Domestic Assault | Domestic Criminal Charges

We are writing today to layout and hopefully explain in a straight forward and easily understood manner the laws with respect to domestic assault and related domestic charges.

The following list is composed of the most common charges arising out of a domestic relationship.

  1. Domestic Assault (simple assault);
  2. Assault cause bodily harm;
  3. Assault with a weapon;
  4. Aggravated assault;
  5. Forcible confinement;
  6. Mischief; 
  7. Threating bodily harm;
  8. Threatening death;
  9. Sexual assault.

There are other charges that can fall under the domestic violence but they will be discussed in a later article. 

In almost all cases involving domestic issues whether an assault or as minor as mischief to property (as in throwing a cell phone) the person charged is placed on an order (either through a formal bail hearing or an undertaking provided at the police station) containing the following.

  1. No communication or contact with the complainant (sometimes with exceptions such as “through a mutually agreed 3rd party for the purpose of access to children” or pursuant to a Family Court Order.
  2.  Not to attend within a certain radius of the family home, the place of employment, education or any place the complainant is known to be;

We are often asked – how do I get back home and how long will it take.

We have on numerous occasions arranged variations to the bail provisions prior to the case being completed to get our client’s home.  In the normal course, the Crown does not want contact with the complainant due to possible influence on their witness (the complainant).  It does not matter that the complainant wants you to come home. In fact this happens more often than not. In many cases, the complainant would like the charges dropped and for their partner to come home.  However, put simply – this decision is for the Crown attorney – not the complainant. Once a charge is laid, only the Crown has the power to decide whether it should be withdrawn or not. The Crown will listen to the complainant, but will not necessarily follow the complainants wishes

 

To begin with lets review the charge of domestic assault (simple assault contrary to s. 266 of the Criminal Code.

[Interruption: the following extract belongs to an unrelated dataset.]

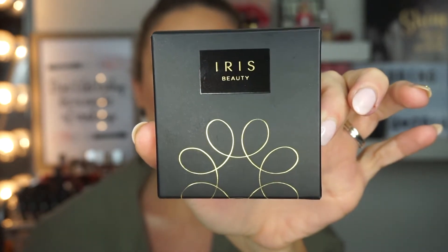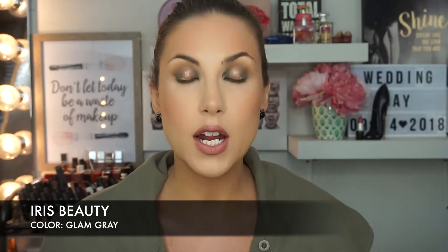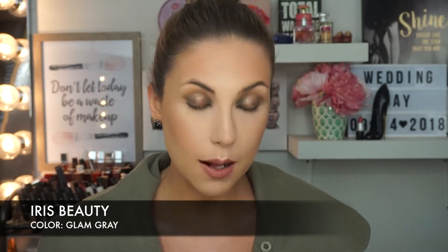So these contacts I have on are from Iris Beauty. They are in the style Glam Gray. You open up the package and you get your little sealed contact, and they also give you your case because you can keep reusing them. If you've never worn contacts before and you don't have a vision problem, they do make the same colored ones without any vision correction. So if you don't need vision correction you can still buy these — they're great for Halloween and affordable. They're comfortable, I can see — they're my prescription and they work. I think they look really cool.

Simple assault – a non-consensual touching by one person on  another. We have recently been retained by an individual who gave his a wife a kiss in the midst of an argument – charged with domestic assault

Defences: self defence is the most common defence in these cases. Many times we deal with cases where the complainant in fact instigated the altercation andour client simply used reasonable force to defend himself/herself. Provocation is not a defence but in some  circumstances can be a mitigating factor.

Resolution: If our client is not guilty , we either negotiate withdrawal of the charge (sometimes with a peace-bond which does not involve an admission of the facts to support the charge) or we go to  trial. If our client has committed some wrongdoing we still will attempt to negotiate a peace-bond. If the Crown does not agree with a peace-bond resolution, we will then seek instructions fromour client as to whether he/she wishes to go to trial or would like us to try to negotiate an acceptable resolution (sometimes this involves aplea of guilt for a conditional discharge – no conviction is registered). In many cases, our
clients instruct us to go to trial to see what the Crown can prove. Remember an accused is innocent until proven guilty. We do not have toprove innocence. It is not unusual in these cases for the Crown to discover that they do not have a cooperative witness and the charges are ultimately dismissed.

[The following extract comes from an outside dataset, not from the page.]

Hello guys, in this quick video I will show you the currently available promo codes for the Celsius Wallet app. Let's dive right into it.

The Charge of Mischief to private property

There are 2 charges of mischief to private property.  The first is mischief under $5000.00 and the 2nd is mischief over $5000.00.  We have defended both charges of mischief over and mischief under but in the context of domestic violence allegations, the most common is mischief under $5000.00.  The typical case is where in frustration our client has thrown something to the floor – for example a cell phone; or has knocked something off a desk like a laptop.  Other common mischief under $5000.00 cases involve damaged doors, windows and cars.

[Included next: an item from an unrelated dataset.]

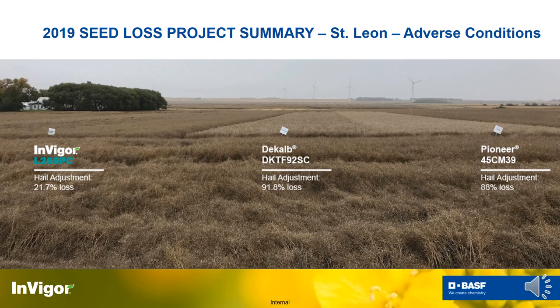This is a visual from 2019 showing those extreme conditions up in Canada. As you can see, L255, a pod shatter reduction hybrid, showed only 21.7 percent yield loss in a hail event, compared to around 90 percent loss for non-pod shatter reduction competitors. So it's essentially an insurance policy baked into that bag of canola seed.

If there are no other aggravating circumstances, these cases often resolve by way of restitution and the taking of an anger management program (PAR).  The PAR program is the program of choice in the Crown attorney’s office and the program that the Crown often requests as a pre-requisite to a withdrawal of the charge.  It does require a Court order for admission.

The remaining charges listed above will be discussed in a follow up article.  Sexual assault (often time historical sexual assault) allegations have become more prevalent when domestic relationships deteriorate.  These cases require an entirely different perspective and approach because of the relationship between husband and spouse. We will delve into more detail next time.

Insight into domestic assault

Insight into domestic assault

So it looks like things got a little overheated. Maybe this is not the first time sparks flew and ignited an emotional explosion and someone got assaulted. An assault occurs whenever you use force on another person without their consent or valid justification. So an assault may be a simple push or throwing a water bottle at someone. An assault occurring between people in a relationship is called a domestic assault and is taken more seriously because of the nature of your close relationship and the abuse of a loved one.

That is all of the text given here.